## EXERCISE INSTRUCTIONS
Restate word for word the lines below from the one that has "लखीमपुर-खीरी: डीएम ने" through the one that has "2017-2019 Cooper Drive Santa Rosa CA 95404", keeping both and dropping all pictures.

## TASK MATERIAL
%%
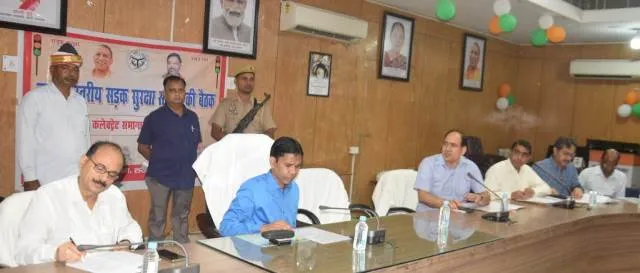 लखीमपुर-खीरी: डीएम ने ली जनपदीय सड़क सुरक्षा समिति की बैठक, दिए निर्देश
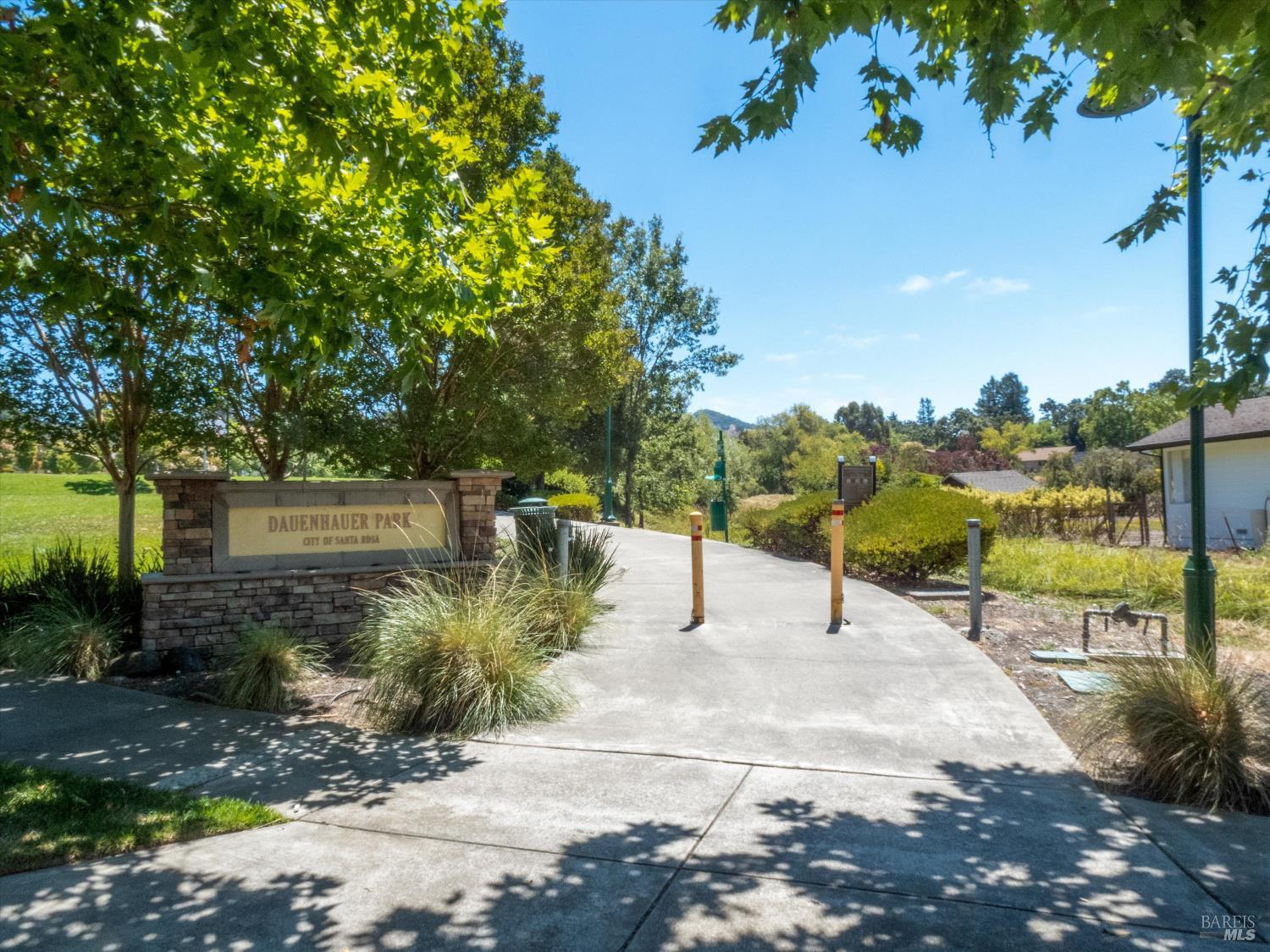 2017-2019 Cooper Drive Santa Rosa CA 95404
%%
%%
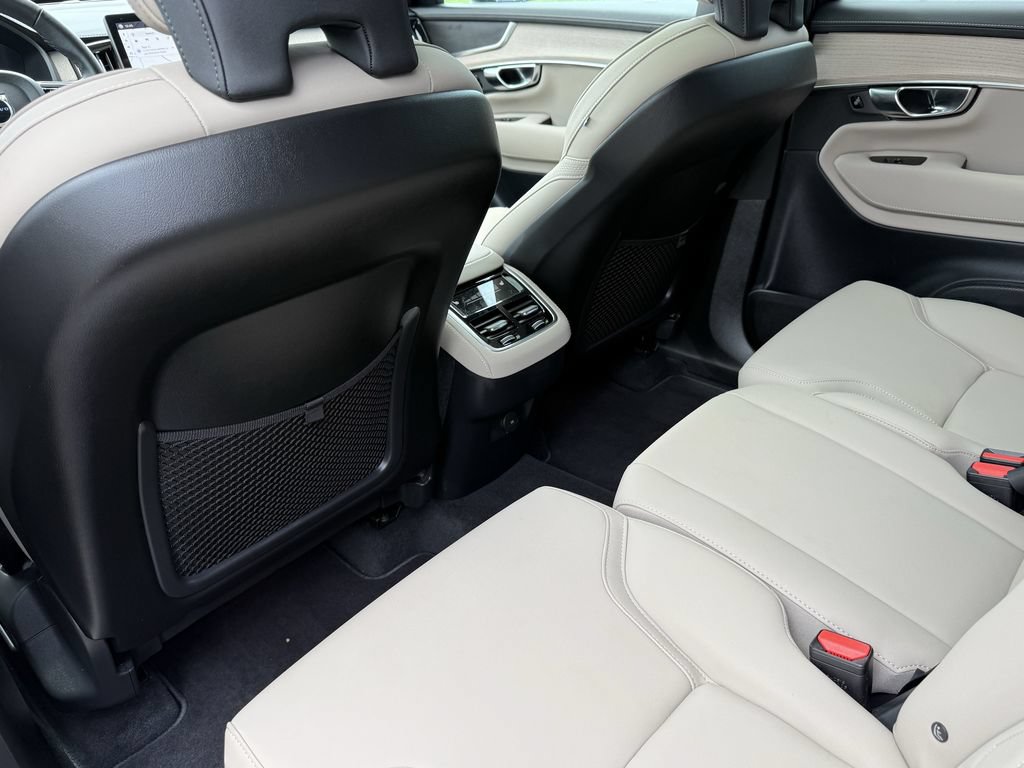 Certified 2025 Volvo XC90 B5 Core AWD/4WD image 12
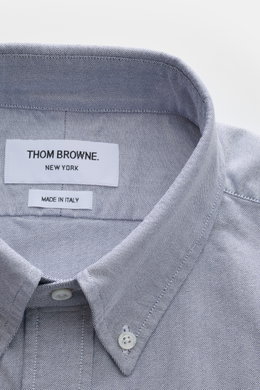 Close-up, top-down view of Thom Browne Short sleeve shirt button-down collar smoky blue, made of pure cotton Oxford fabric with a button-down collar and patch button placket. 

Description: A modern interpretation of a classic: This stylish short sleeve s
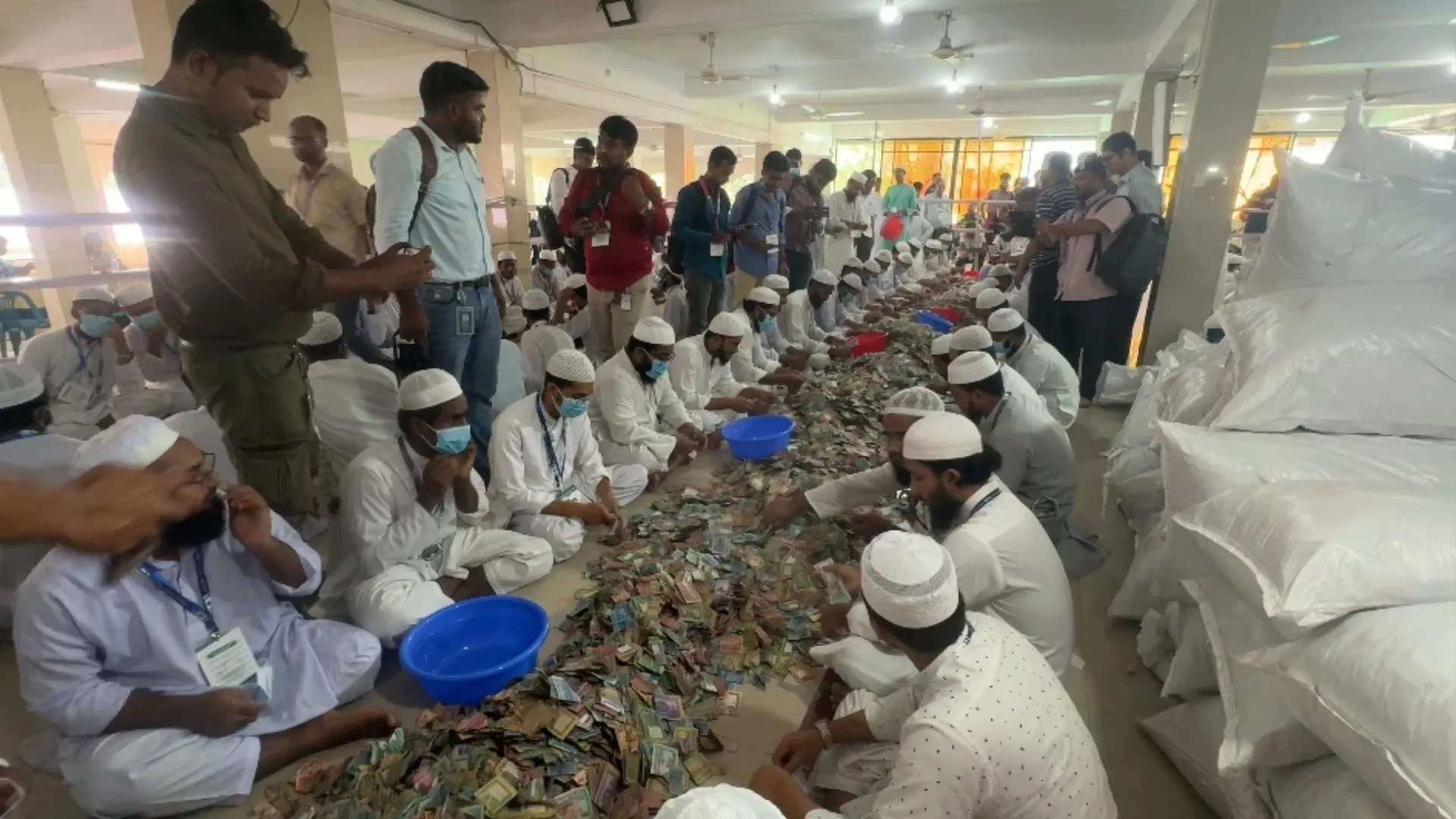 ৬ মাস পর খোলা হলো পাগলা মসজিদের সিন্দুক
%%
## TASK ANSWER
 लखीमपुर-खीरी: डीएम ने ली जनपदीय सड़क सुरक्षा समिति की बैठक, दिए निर्देश
 2017-2019 Cooper Drive Santa Rosa CA 95404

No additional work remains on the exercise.